**PROBLEM TO WORK ON**: Repeat only the lines below that run from the line with "Used 2024 Hyundai Elantra SEL FWD image 12" to the line with "Снимка 4 от", ends included; skip every picture.

*** Opening of AVAILABLE DATA ***

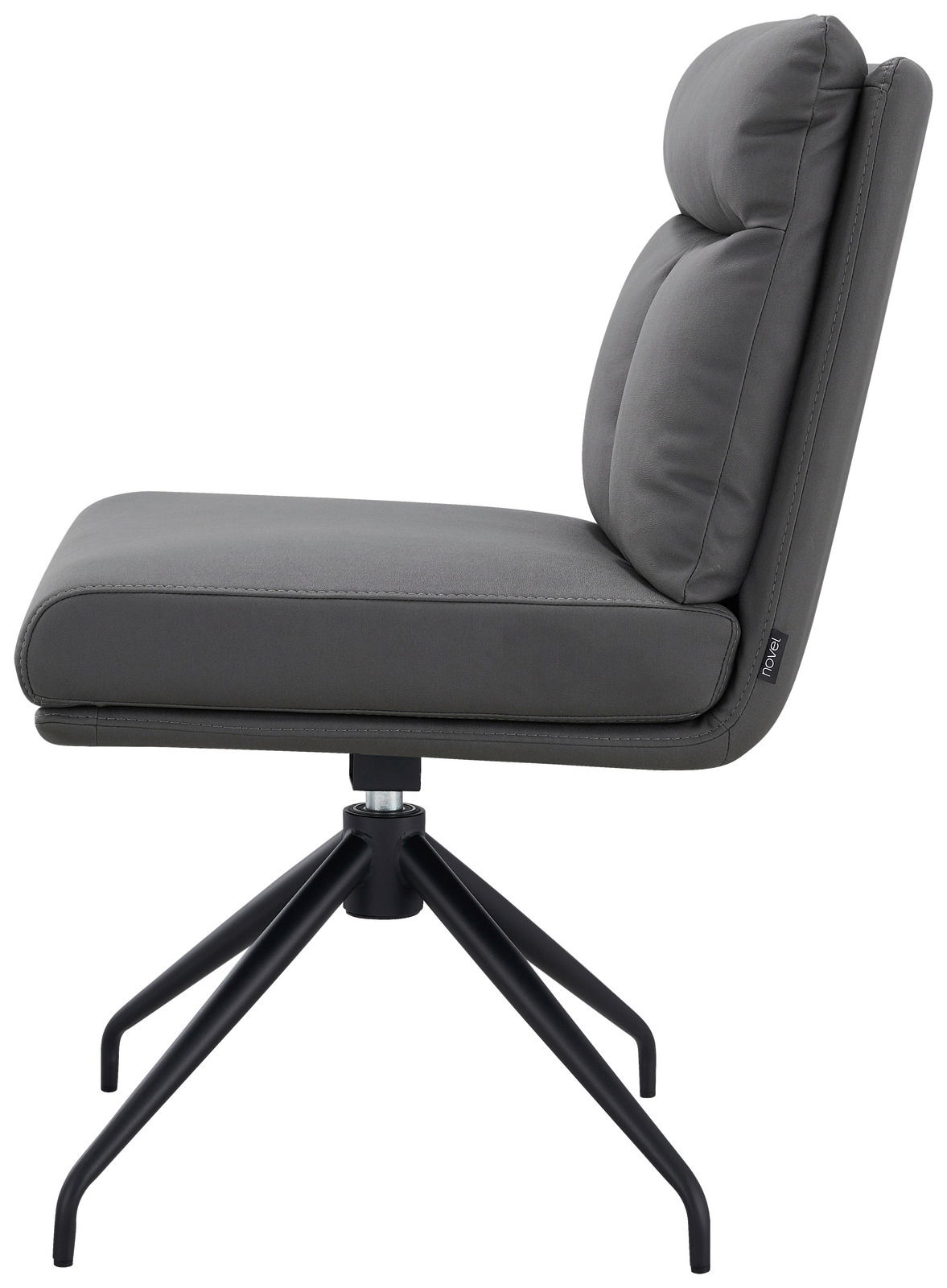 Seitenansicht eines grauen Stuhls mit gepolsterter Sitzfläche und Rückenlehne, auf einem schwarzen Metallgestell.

*** Close of AVAILABLE DATA ***
*** Opening of AVAILABLE DATA ***

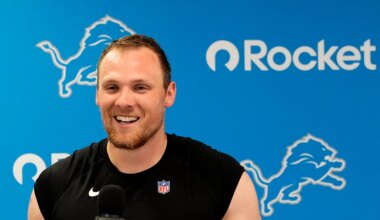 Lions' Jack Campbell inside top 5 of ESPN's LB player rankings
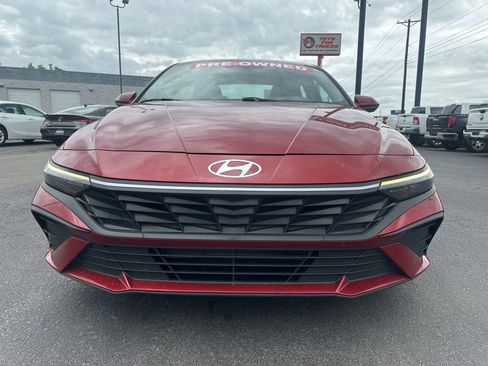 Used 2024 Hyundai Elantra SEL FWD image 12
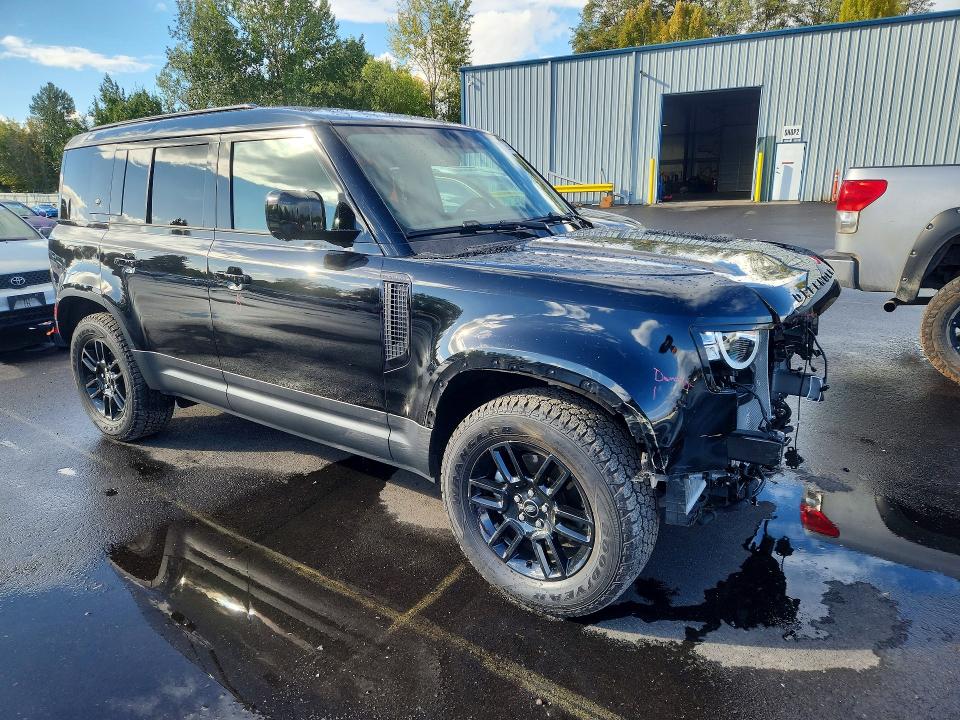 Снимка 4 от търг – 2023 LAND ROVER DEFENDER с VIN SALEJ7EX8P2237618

*** Close of AVAILABLE DATA ***

**ANSWER TO THE EXERCISE**:
 Used 2024 Hyundai Elantra SEL FWD image 12
 Снимка 4 от търг – 2023 LAND ROVER DEFENDER с VIN SALEJ7EX8P2237618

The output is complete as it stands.